The notes, of wild birds, that elsewhere
Bring tones of gladness, seem to change
To coronachs of sadness there;
The curlew's cry upon the air
sound like a shriek along the range..

..Once Life o'er Death hath made its moan;
There hath been sorrow even here;
In one small grave with weeds o'ergrown
A child sleeps in the wild alone,
With only silence crooning near.

..Here the night-zephyr, passing, wings
At midnight to that she-oak nigh,
Plays, harplike, on its drooping strings,
And to its dreary cadence sings
The wildwood's soothing lullaby.

Blackham wrote a popular novella set during the Irish Rebellion of 1798 called "Reminiscences of Father Looney" which was serialised in the South Australian magazine from 1841 to 1842.
In 1932 Blackham's cousin Aodh de Blácam published a collection of his poems called Bard of Clanrye (Talbot press, Dublin 1932), this publication was financed by another of Blackham's cousins Robert J. Blackham. One poem featured in Bard of Clanrye called "Homeland" expresses Blackham's feelings of being so far away from the land he grew up in.

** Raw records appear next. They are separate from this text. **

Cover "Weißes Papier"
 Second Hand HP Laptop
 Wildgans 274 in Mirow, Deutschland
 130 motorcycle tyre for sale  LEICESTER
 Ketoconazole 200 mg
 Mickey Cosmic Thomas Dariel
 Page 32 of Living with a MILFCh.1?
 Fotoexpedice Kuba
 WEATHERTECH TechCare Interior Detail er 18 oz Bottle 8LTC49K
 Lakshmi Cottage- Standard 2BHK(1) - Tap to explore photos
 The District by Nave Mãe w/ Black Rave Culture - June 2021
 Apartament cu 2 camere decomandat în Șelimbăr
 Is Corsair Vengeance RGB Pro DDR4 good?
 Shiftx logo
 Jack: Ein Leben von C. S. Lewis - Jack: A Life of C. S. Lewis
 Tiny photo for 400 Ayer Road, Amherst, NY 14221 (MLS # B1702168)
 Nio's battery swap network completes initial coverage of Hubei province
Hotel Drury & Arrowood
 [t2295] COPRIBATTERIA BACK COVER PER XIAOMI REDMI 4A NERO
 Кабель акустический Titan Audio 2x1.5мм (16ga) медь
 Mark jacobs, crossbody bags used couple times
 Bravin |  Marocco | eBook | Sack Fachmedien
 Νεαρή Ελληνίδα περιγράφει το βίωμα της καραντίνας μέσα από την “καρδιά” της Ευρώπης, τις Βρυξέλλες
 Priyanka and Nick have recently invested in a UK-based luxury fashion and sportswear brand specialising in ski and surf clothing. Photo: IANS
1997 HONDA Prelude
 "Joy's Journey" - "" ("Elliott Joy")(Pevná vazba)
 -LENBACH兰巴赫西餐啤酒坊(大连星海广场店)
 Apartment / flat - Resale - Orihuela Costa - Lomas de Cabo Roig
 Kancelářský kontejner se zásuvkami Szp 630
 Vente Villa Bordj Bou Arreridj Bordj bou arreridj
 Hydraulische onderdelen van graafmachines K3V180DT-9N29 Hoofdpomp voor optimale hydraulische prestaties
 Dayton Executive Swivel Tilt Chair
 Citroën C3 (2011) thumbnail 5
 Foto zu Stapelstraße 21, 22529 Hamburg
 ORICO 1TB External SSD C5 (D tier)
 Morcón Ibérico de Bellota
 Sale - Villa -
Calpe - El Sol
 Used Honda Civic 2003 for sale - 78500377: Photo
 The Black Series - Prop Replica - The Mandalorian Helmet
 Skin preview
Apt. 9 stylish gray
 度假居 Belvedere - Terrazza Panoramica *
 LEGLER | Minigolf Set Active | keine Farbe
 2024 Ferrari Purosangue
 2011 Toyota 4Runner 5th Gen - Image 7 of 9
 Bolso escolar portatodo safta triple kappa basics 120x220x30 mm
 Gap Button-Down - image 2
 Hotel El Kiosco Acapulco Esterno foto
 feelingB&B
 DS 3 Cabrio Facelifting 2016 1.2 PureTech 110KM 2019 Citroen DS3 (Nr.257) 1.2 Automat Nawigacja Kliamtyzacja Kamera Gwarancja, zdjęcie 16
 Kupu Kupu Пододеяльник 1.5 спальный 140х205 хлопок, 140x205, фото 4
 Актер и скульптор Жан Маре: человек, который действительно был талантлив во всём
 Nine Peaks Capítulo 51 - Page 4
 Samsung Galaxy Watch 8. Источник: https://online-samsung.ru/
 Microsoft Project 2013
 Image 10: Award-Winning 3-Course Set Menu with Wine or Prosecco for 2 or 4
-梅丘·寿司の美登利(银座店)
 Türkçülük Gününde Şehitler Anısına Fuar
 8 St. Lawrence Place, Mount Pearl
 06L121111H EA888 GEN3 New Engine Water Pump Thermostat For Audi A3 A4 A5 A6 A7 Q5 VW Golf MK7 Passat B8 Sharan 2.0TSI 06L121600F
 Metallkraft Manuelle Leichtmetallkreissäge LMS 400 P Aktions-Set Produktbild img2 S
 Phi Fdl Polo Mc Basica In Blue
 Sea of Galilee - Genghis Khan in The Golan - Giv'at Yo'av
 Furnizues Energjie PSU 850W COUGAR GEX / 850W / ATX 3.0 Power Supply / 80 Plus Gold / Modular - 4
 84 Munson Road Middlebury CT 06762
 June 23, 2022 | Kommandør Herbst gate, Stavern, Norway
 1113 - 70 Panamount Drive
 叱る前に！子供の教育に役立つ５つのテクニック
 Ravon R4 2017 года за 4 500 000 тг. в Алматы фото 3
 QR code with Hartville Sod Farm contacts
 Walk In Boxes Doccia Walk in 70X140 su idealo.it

The autumn sunshine golden lay
Along the highlands of Iveagh,
When last I saw her winding shore
And stood, where I stood no more,
To bid a long and last good-bye
To boyhood's home and blue Clanrye..

..Ah! those were days, whose bygone light
Streams forth from morning's gates again:
Whose happy records I could write
On spotless page with golden pen:
And yet, an hour of parting came-
A sad farewell, a long good-bye-
While but the memory of a name,
The love-lights of an early flame,
Are all that's left of blue Clanrye!

==Death==
Blackham died on 2 February 1900 and is buried in the cemetery at the One Tree Hill Wesleyan Church.